International career^{‡}
- 2019: Turkey U16 / 4 / (0)
- 2021: Germany U19 / 8 / (1)
- 2022–2023: Turkey U21 / 4 / (0)

= Göktan Gürpüz =

Turkish footballer (born 2003)

Göktan Gürpüz (born 22 January 2003) is a professional footballer who plays as midfielder for Turkish Süper Lig club Trabzonspor. Born in Duisburg, Germany, he is a former youth international for Turkey.

==Career==
Gürpüz is a youth product of the academies of Hamborn 07, Schalke and Borussia Dortmund. He was promoted to Borussia Dortmund's reserves in 2021, and made bench appearances for the senior squad in the Bundesliga several times during the 2022-23 season. On 17 December 2021, he signed his first professional contract with the club. He made his professional debut with Borussia Dortmund II in a 2–0 3. Liga loss to Freiburg II on 28 August 2022.

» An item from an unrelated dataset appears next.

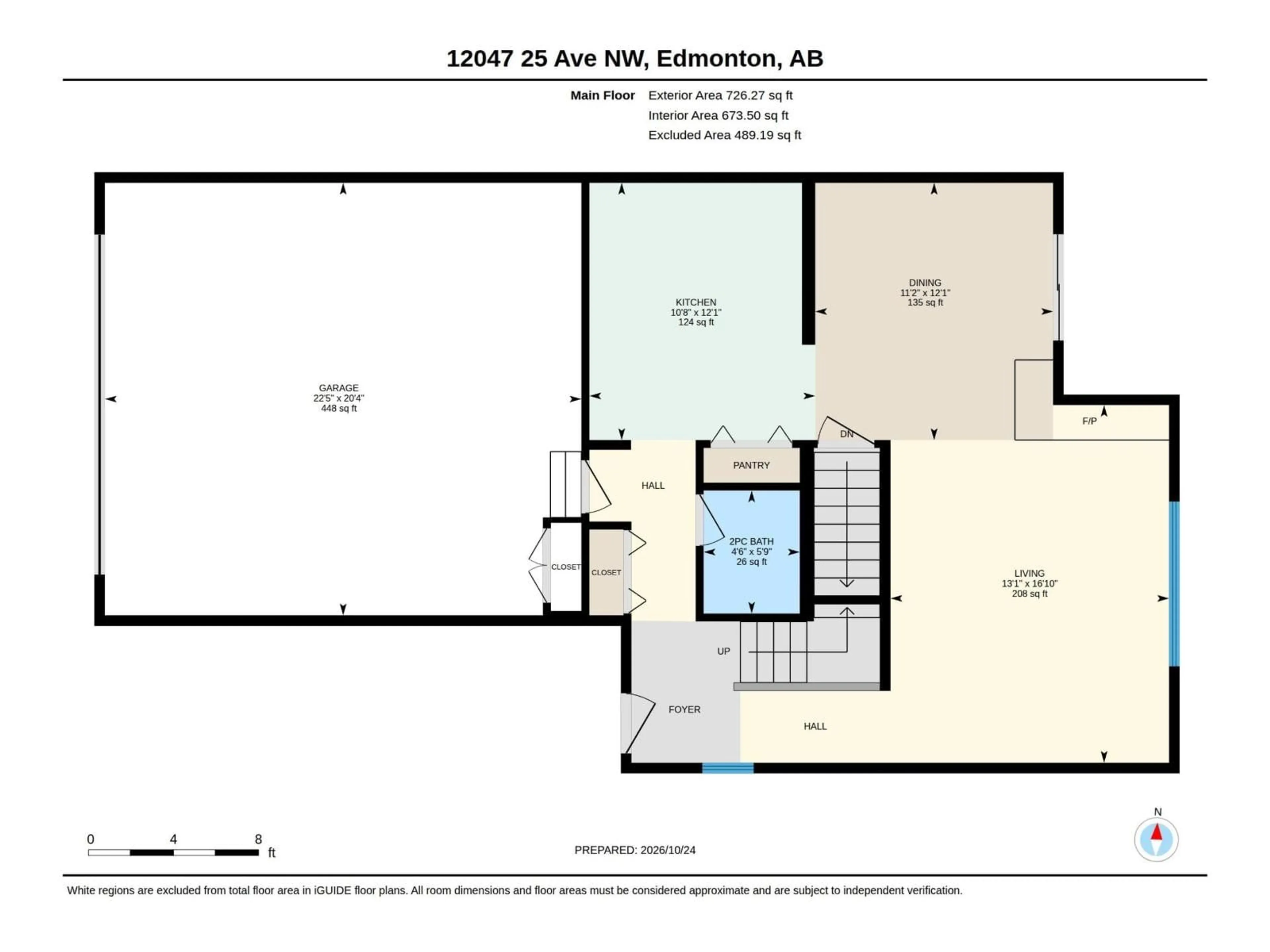 Floor plan for 12047 25 AV, Edmonton Alberta T6J4G6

On 19 July 2023, Borussia announced his transfer to Trabzonspor in Turkey.

==International career==
Born in Germany, Gürpüz is of Turkish descent. He first represented the Turkey U16s in 2019, before playing for the Germany U19s in 2021. In November 2021, he again switched to represent the Turkey U21s in November 2022.

==Playing style==
Gürpüz is a midfielder, is quick to act and has positional awareness.